Alors les graines semées par Yavanna germèrent et bourgeonnèrent en hâte, une multitude de choses grandes et petites se dressa sur la terre, herbes et mousses et hautes fougères, et des arbres couronnés de nuages comme des montagnes vivantes dont le pied plongeait dans un vert crépuscule.

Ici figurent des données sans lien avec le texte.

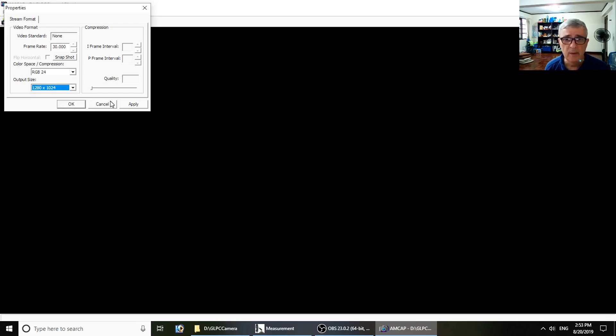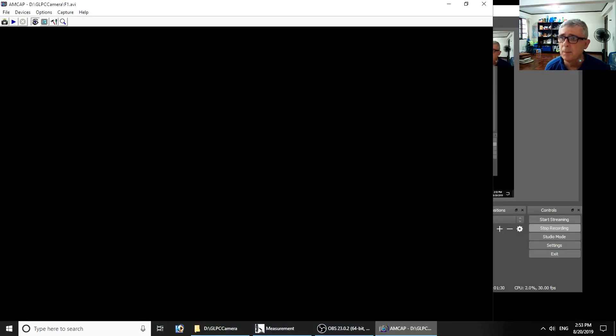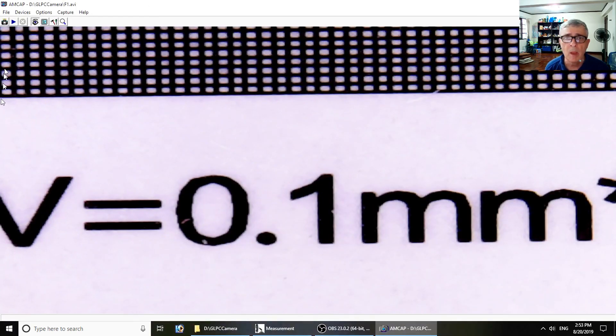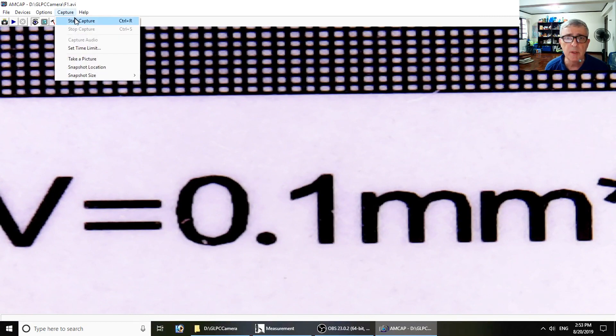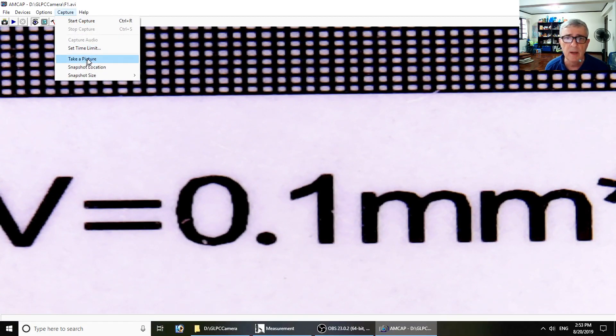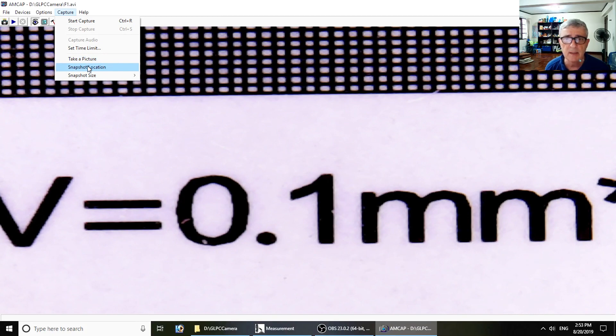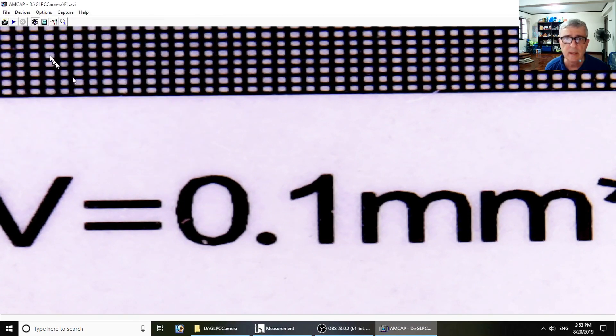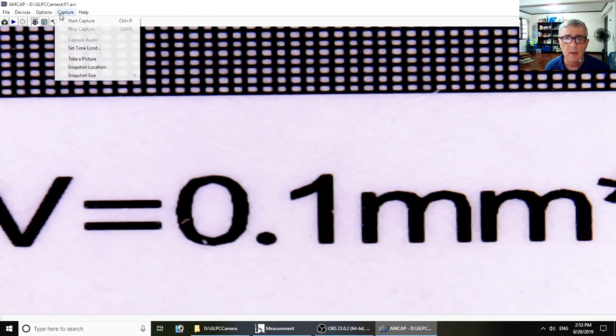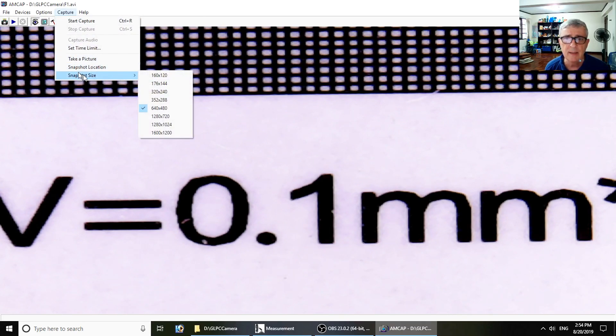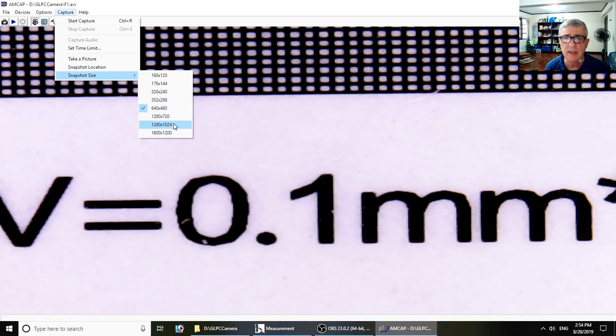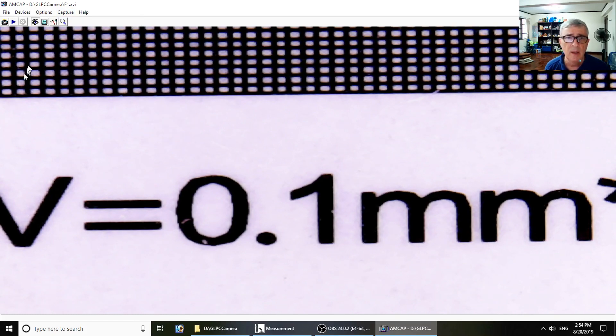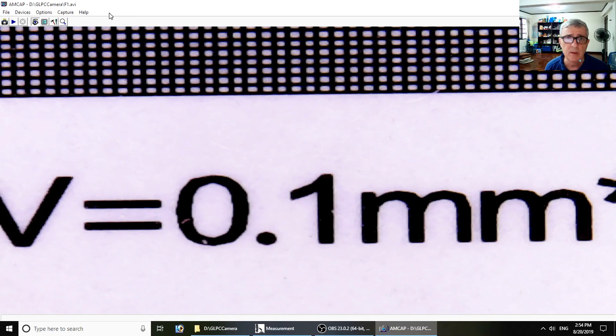Capture start capture, set time limit - that's for the video. Take a picture - that's a snapshot. Snapshot location - it does remember this, which is interesting. However, snapshot size it does not remember - you have to set that every time.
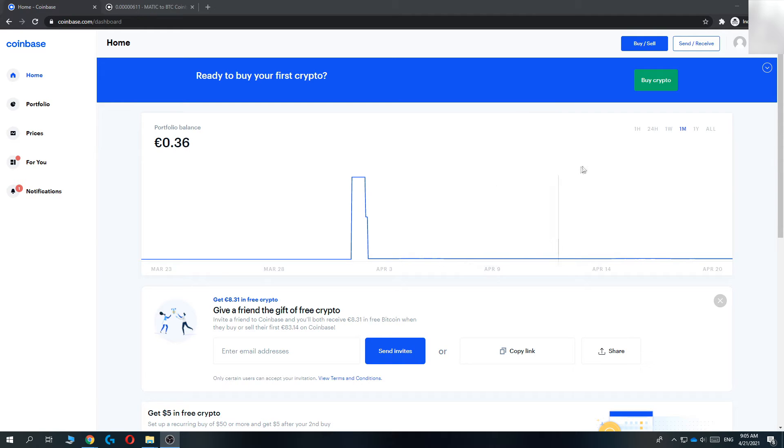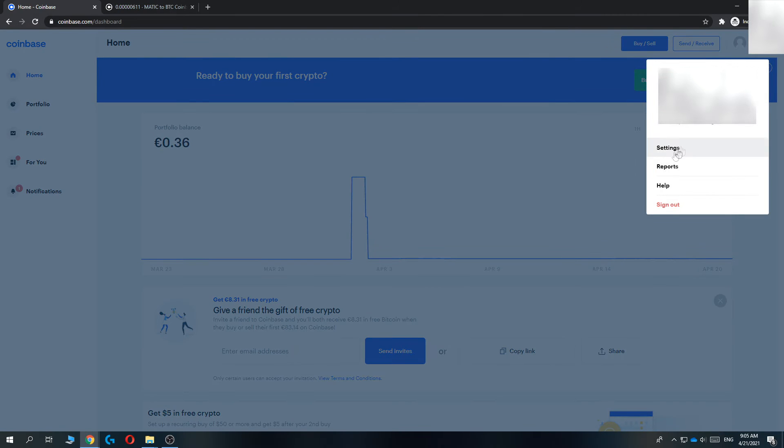So basically what you want to do, you want to go to Coinbase and then log in. Then go to the top right corner, go to settings, right here, hit settings.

Le Silmarillion, J.R.R. Tolkien

À trois jours de l'équinoxe de printemps qui marquera le début d'une nouvelle année astrologique (coïncidant avec l’entrée du Soleil en Bélier, premier signe du zodiaque, symbole de renouveau et de commencement), quoi de plus approprié que d'évoquer Yavanna qui, dans la mythologie imaginée par J.R.R. Tolkien, est la seconde reine des Valar (puissances divines qui gouvernent le monde) surnommée Kementári « Reine de la Terre » et dont le nom en quenya (langue des Elfes) signifie « donneuse de fruits ». 

C'est elle qui s'occupa de planter les graines de tout ce qui pousse sur la terre. Elle demanda à son compagnon Aulë le Forgeron, Roi du Feu et créateur des Nains, de fabriquer deux lampes que Varda, Reine des Étoiles, remplit de lumière et que Manwë son époux, Roi de l'Air, alluma. C'est ainsi qu'apparurent la verdure, les prairies, les arbres, les forêts et l'ensemble de la végétation.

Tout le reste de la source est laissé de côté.